In the following we attempt to fill in the gaps of the data with 0

Import packages and raw_training data:

In [1]:
import math
import numpy as np
import pandas as pd
import os
import re

os.chdir(r"c:\Users\JosephVovrosh\personal_git\Kaggle-Titanic")
df_train_raw = pd.read_csv('data/train.csv')
df_test_raw = pd.read_csv('data/test.csv')
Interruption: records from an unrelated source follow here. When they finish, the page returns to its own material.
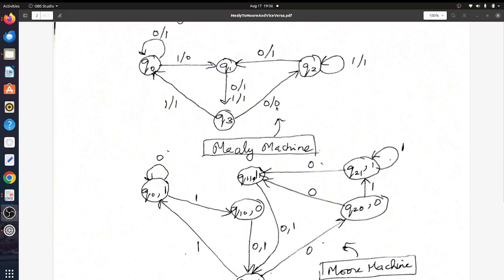The trick here is to duplicate all states which have more than one corresponding output. In this case, Q3 has the same output for all incoming transitions — both have output 1. Q0 also has the same output for all incoming transitions — both have output 1. So Q0 and Q3 are not duplicated, whereas Q1 and Q2, which have different outputs for different transitions, will be duplicated — one state corresponding to output 0 and one corresponding to output 1.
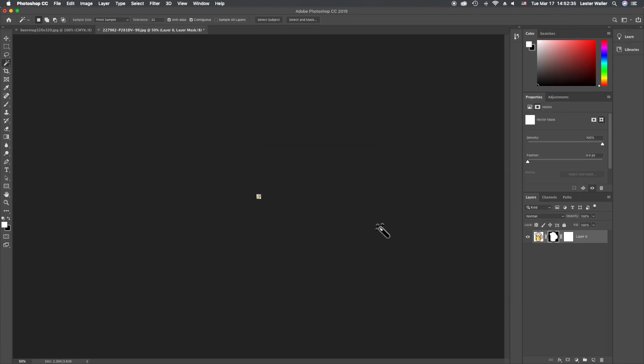And there you've got transparent background graphics for your Twitch emotes. Next up: what if you have a picture of a duck, dog, cat, or person? How can you easily remove the foreground from the background to make a transparent image? That's next.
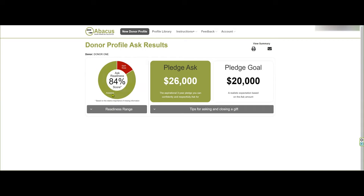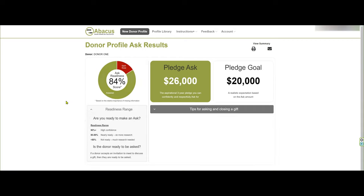The ask readiness score gives you an idea of whether you're ready to make the ask and whether you have enough information. A score of 84% puts you in the 'not quite ready yet' category — you need to do more research and more discovery. Is the donor ready to be asked? Well, if they accept the meeting to talk about a gift, then they are ready to be asked.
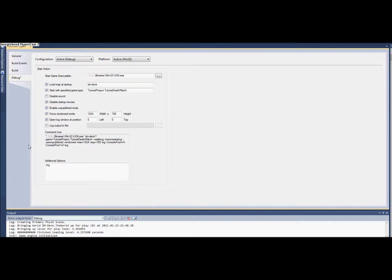This tutorial is going to cover the basic class setup and collisions in UDK. At the end of this video, we will have a mod, a basic game mod, to eat other players and will grow and shrink based upon their health.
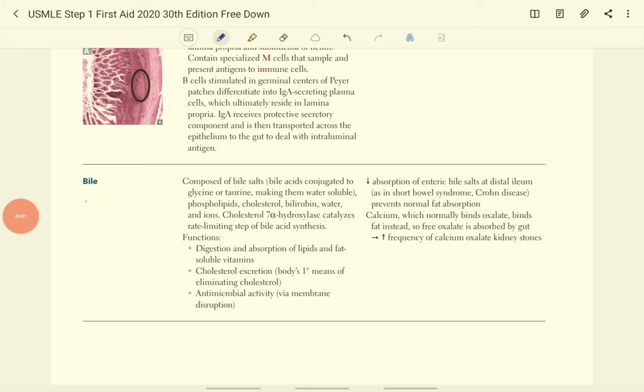The bile is composed of bile salt, phospholipid, cholesterol, bilirubin and water.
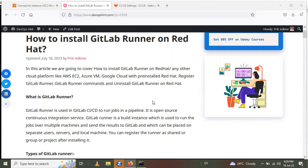Hello friends. In this session we are going to learn how to install GitLab Runner on Red Hat. We will cover topics like how to install GitLab Runner on Red Hat using cloud platforms like AWS EC2, Azure, or Google Cloud with pre-installed Red Hat. We'll also cover registering the GitLab Runner, GitLab Runner commands, and uninstalling GitLab Runner on Red Hat.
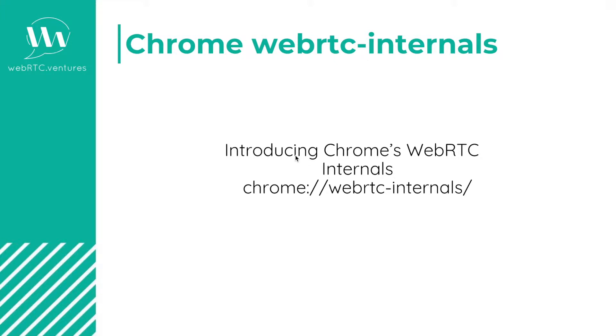In this lesson, we will take a look at an alternative way to see WebRTC statistics without writing any code, and that's using Google Chrome's WebRTC internal stats. As the name suggests, this is a feature only available for Google Chrome.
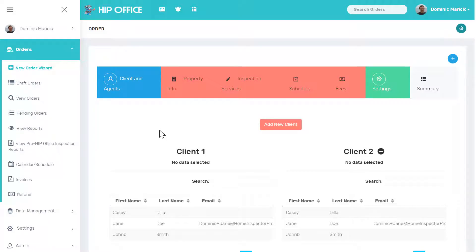This tutorial covers how you can create a new order within HIP Office, whether you have an office manager or yourself doing it. Either of them would go through this order wizard. This order wizard is very similar to what a client or real estate agent would see if they were booking through your website.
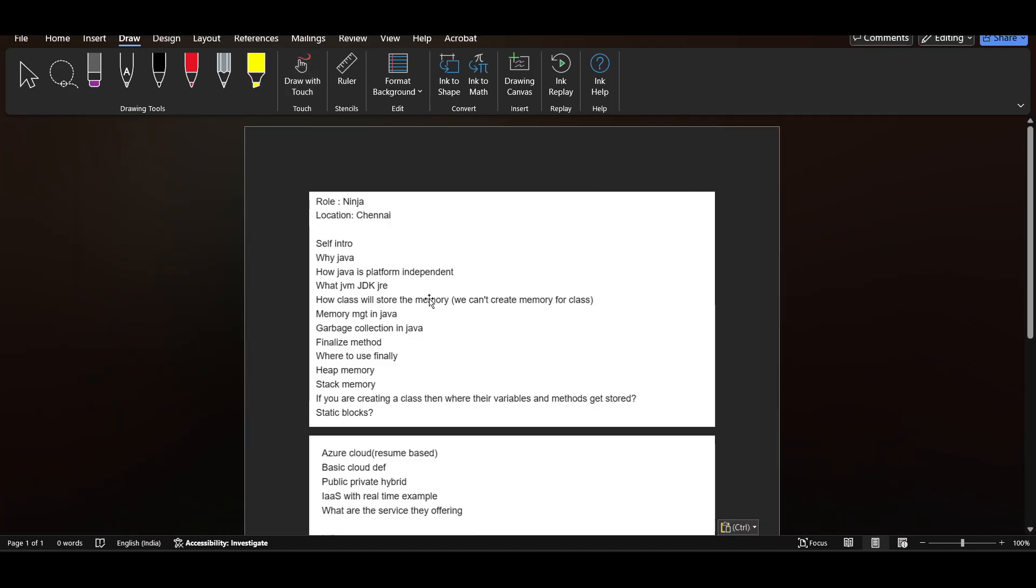Hello everyone. So in this video, I will be sharing one TCS Ninja interview experience and I hope you all are doing fine.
In the following treatement of data we consider each type in a modular approach to allow for easy implementation of future improvements.

Treatment:
- Names: Get titles
- Survived: unchanged
- Pclass: unchanged
- Sex: 0 for man, 1 for woman
- Age: Group
- SibSp: Use to create family sizes
- Parch: Use to create family sizes
- Ticket: Ignore for now
- Fare: Group into amounts
- Cabin: Split into Cabin and Cabin number
- Embarked: 1 for C, 2 for S, 3 for Q

In [37]:
def get_missing_coordinates(df):
    missing_coords = []
    for row_idx, row in df.iterrows():
        for col in df.columns:
            if pd.isna(row[col]):
                missing_coords.append((row_idx, col))
    return missing_coords

def get_cabin_letter(cabin):
    if pd.isnull(cabin):
        return np.nan
    return cabin[0]

def get_cabin_number(cabin):
    if pd.isnull(cabin):
        return -1
    num = ''.join([c for c in cabin if c.isdigit()])
    return int(num) if num else -1

In [38]:
df_train = pd.DataFrame()

df_train['Sex'] = pd.DataFrame({'Sex': df_train_raw['Sex'].map({'male': 0, 'female': 1})})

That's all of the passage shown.